Shared authority over a riverside project
on May 3, 2007 at 3:14 pm
A Portland, Maine, attorney chosen by the Supreme Court to suggest ways to end a simmering dispute between New Jersey and Delaware over riverside development has urged the Court to rule that the two states must share regulatory authority over at least parts of such a project. The Court will consider the proposal by Special Master Ralph I. Lancaster, Jr., of Portland, Maine, at its Confernece next Thursday, May 10, according to the Court’s electronic docket. The case is 134 Original, New Jersey v. Delaware. (The filings in the case, including the Special Master’s report filed April 16, plus exhibits, can be found here, on the website of Lancaster’s law firm. The report and exhibits, both lengthy documents, are at the bottom of the filings.)
At this stage, the Court probably will set the case for hearing before the Justices, rather than proceeding to decide it on the Special Master report alone. Each side likely will be allowed to file “exceptions” to Lancaster’s recommendations.
Conceding that a joint authority over Delaware River projects may “pose practical difficulties,” Lancaster concluded that this is what the two states accepted when they joined in a compact in 1905 to settle the boundary between them as it runs through the Delaware River. If the Court ultimately accepts the recommendations, however, it may leave in considerable doubt New Jersey’s plan to authorize the creation of a large liquid natural gas plant on its shore of the river, a facility that would have loading wharves for supertankers out into the river — inside Delaware’s boundary.

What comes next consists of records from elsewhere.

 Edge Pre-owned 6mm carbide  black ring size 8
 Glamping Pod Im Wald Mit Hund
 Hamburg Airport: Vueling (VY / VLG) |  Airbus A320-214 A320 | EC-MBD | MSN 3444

The controversy over that plant led New Jersey to file its lawsuit against Delaware directly in the Supreme Court (under the Court’s Original jurisdiction under the Constitution). Delaware has refused all requests to grant any permits for the gas plant project, so far as it would extend out into the river and across inside its boundary. The controversy had grown so heated that Delaware considered taking steps to have its National Guard protect its borders, and a New Jersey legislator proposed the idea that a battleship now used as a museum in Camden might be brought back into service to repel an armed invasion.

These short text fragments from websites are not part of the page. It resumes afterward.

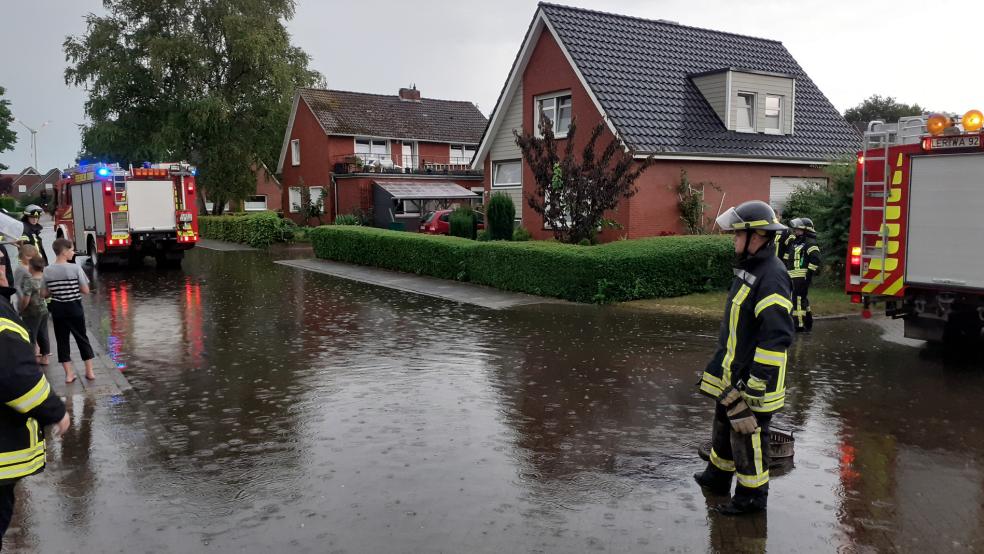 Mehrere Straßen im Bereich Weidenstraße waren gestern nach dem Starkregen überflutet. Die Feuerwehr öffnete die Gullis und sorgte damit dafür, dass das Wasser schnell abfließen konnte.  © Fotos: Berents
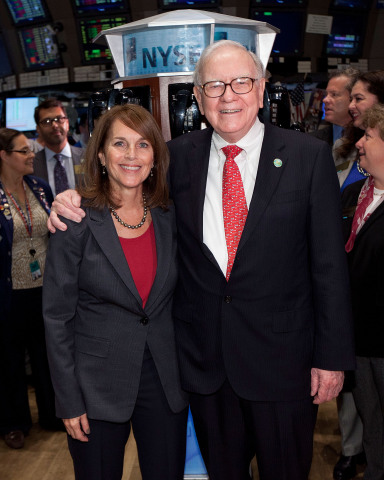 Cathy Baron Tamraz, chairwoman/CEO, Business Wire and Warren Buffett, chairman/CEO, Berkshire Hathaway (Photo: Business Wire)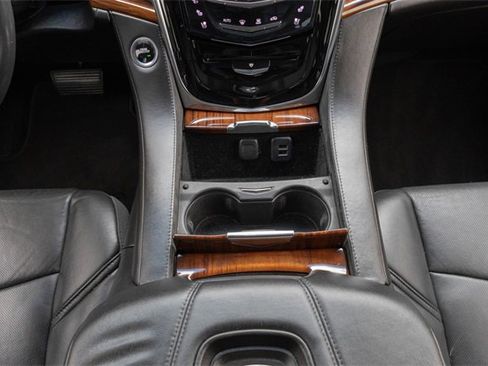 Used 2015 Cadillac Escalade Luxury image 27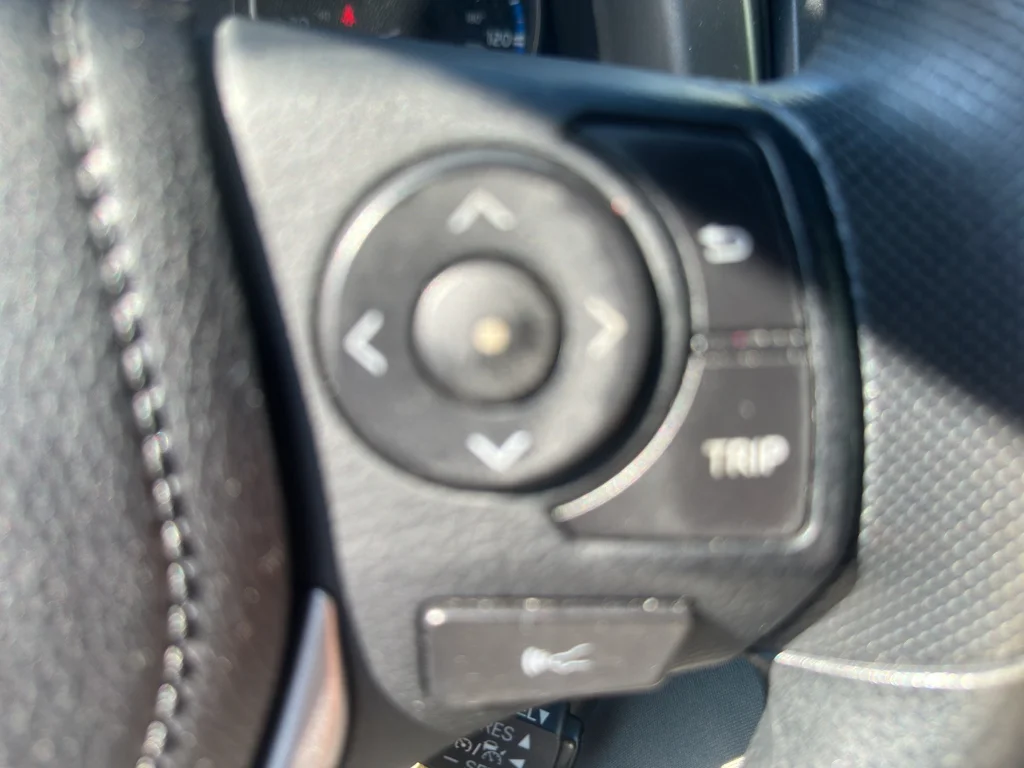 Used 2018 Black Toyota LE image 10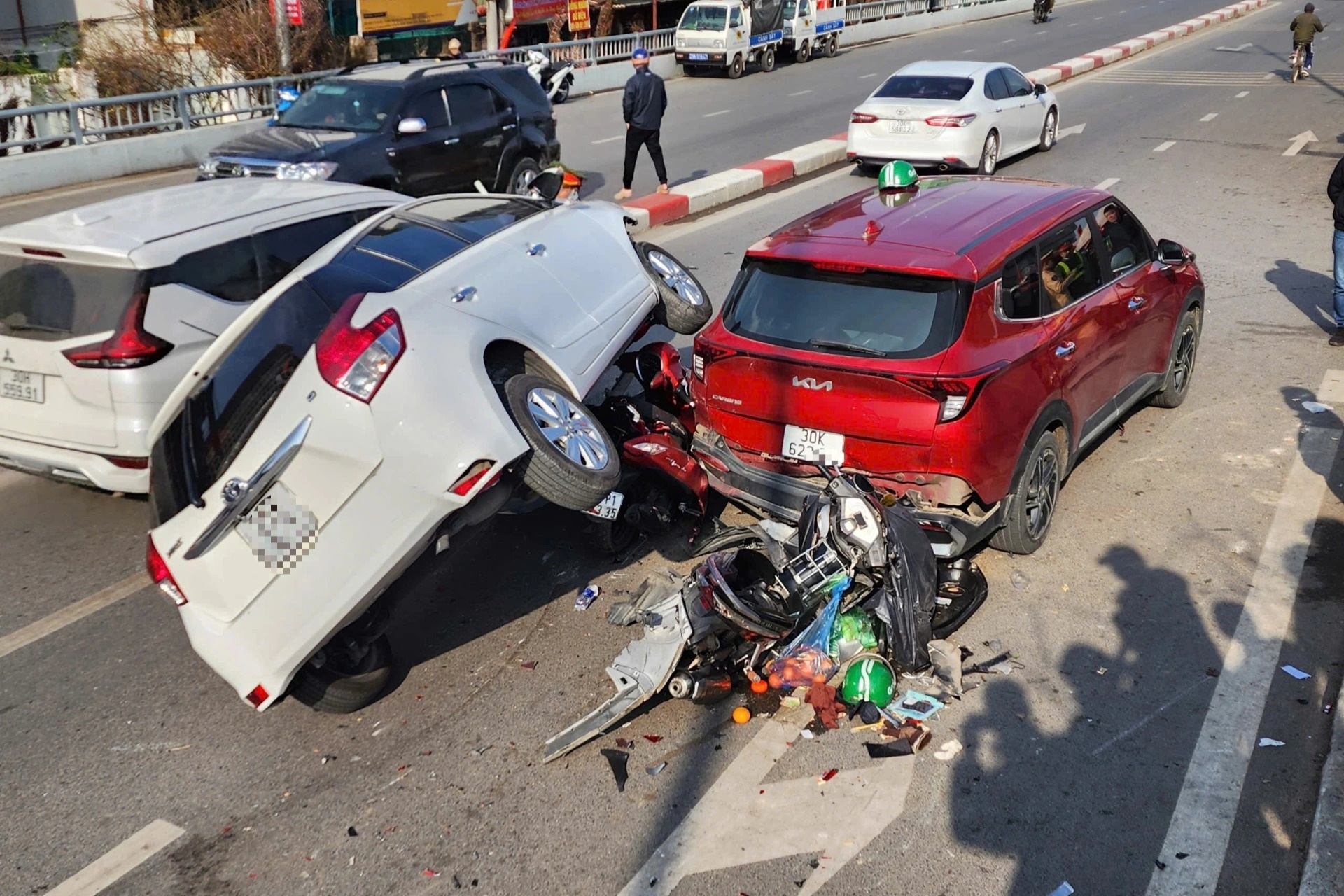 Hà Nội: Va chạm liên hoàn gần cổng chợ hoa Quảng An, 3 người bị thương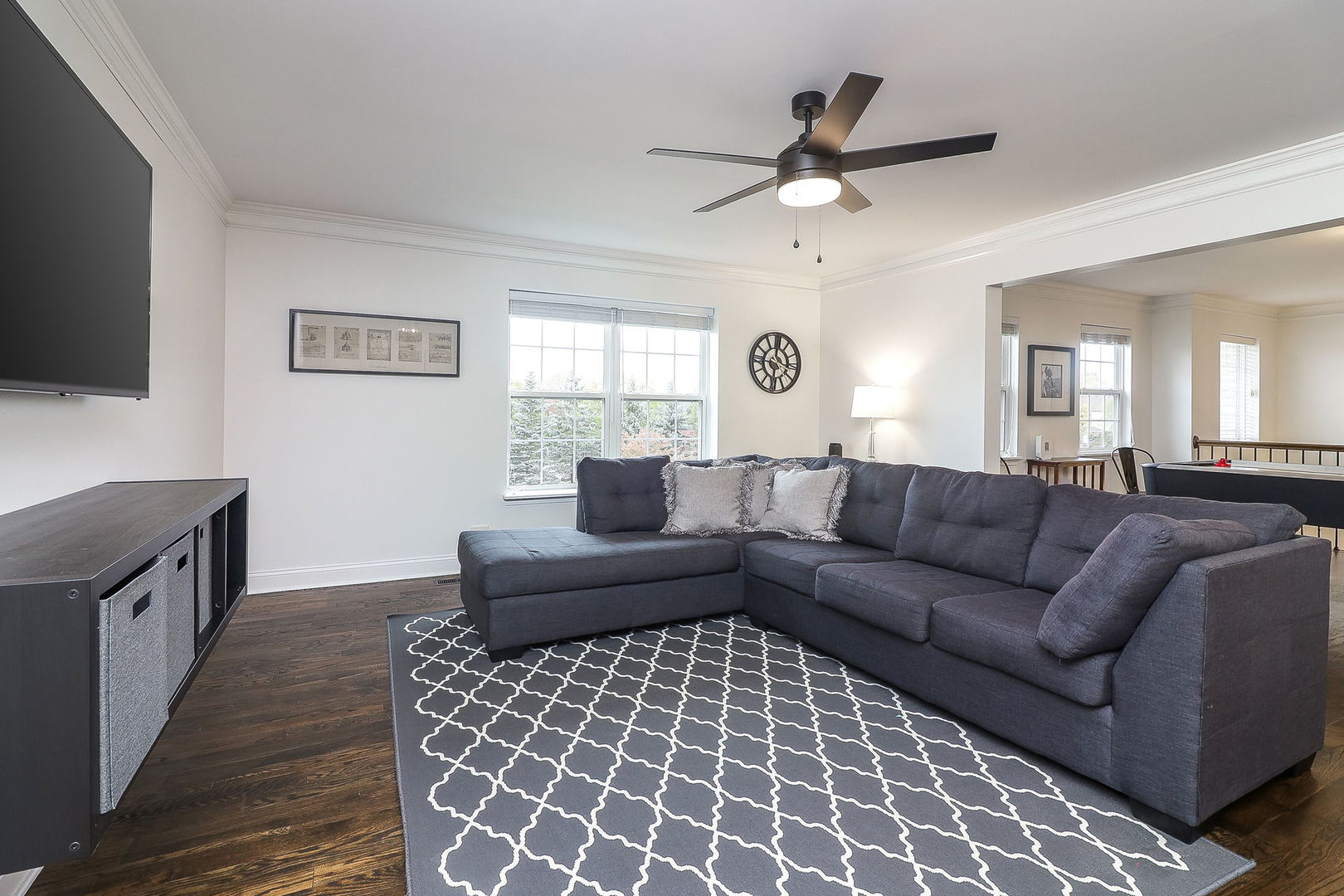 335 Forest Trail, South Elgin, IL 60177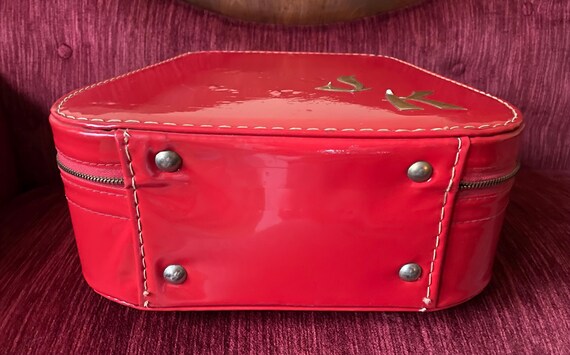 Vintage Red Vinyl Train Case - Lined in Retro Destination Fabric - Boxy Rounded Cotner Small Zippred Suitcase - Retro Travel Vacation View 6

Lancaster, named in January 2006 to study the dispute, suggested that the 1905 Compact gives New Jersey clear authority to authorize development on its own bank of the Delaware, but only on New Jersey land and down to the low-water mark, where Delaware’s border lies.. New Jersey also has authority, the report found, to allow those who build on its shore to put up structures that reach beyond the low-water mark if those are needed to make use of the shoreside project. But, Lancaster went on, Delaware shares jurisdiction over any structures that reach into its territory, including the very “police power” that Delaware has already used to thwart the gas plant project.
Lancaster noted in his report that, if Delaware was found to have jurisdiction to regulate projects that would spread into its territory, that could block entirely the new project on New Jersey’s shore — a project that would be built by Crown Landing, a subsidiairy of British Petroleum.
The Special Master did not go beyond his recommendations on what the Compact means about each state’s legal rights, and thus made no recommendations as to how each should use its share of jurisdiction over the part of a project crossing the state line into Delaware,
Hee are the key parts of the proposed decree Lancaster recommended:
“It is hereby ordered, adjudged, declared and decreed as follows:
“1. (a) The State of New Jersey may, under its laws, grant and thereafter exercise riparian jurisdiction over rights for the construction, maintenance and use of wharves and other riparian improvements appurtenant to the eastern shore of the Delaware River within the twelve-mile circle and extending outshore of the low water mark; and further
” (b) The State of Delaware may exercise, under its laws, full police power jurisdiction over the construction, maintenance and use of those same wharves and other improvements appurtenant to the eastern shore of the Delaware River within the twelve-mile mark insofar as they extend outshore of the low water mark into its sovereign territory.”
(The text of the proposed decree can be found as Appendix A in the exhibits accompanying the Special Master’s report.)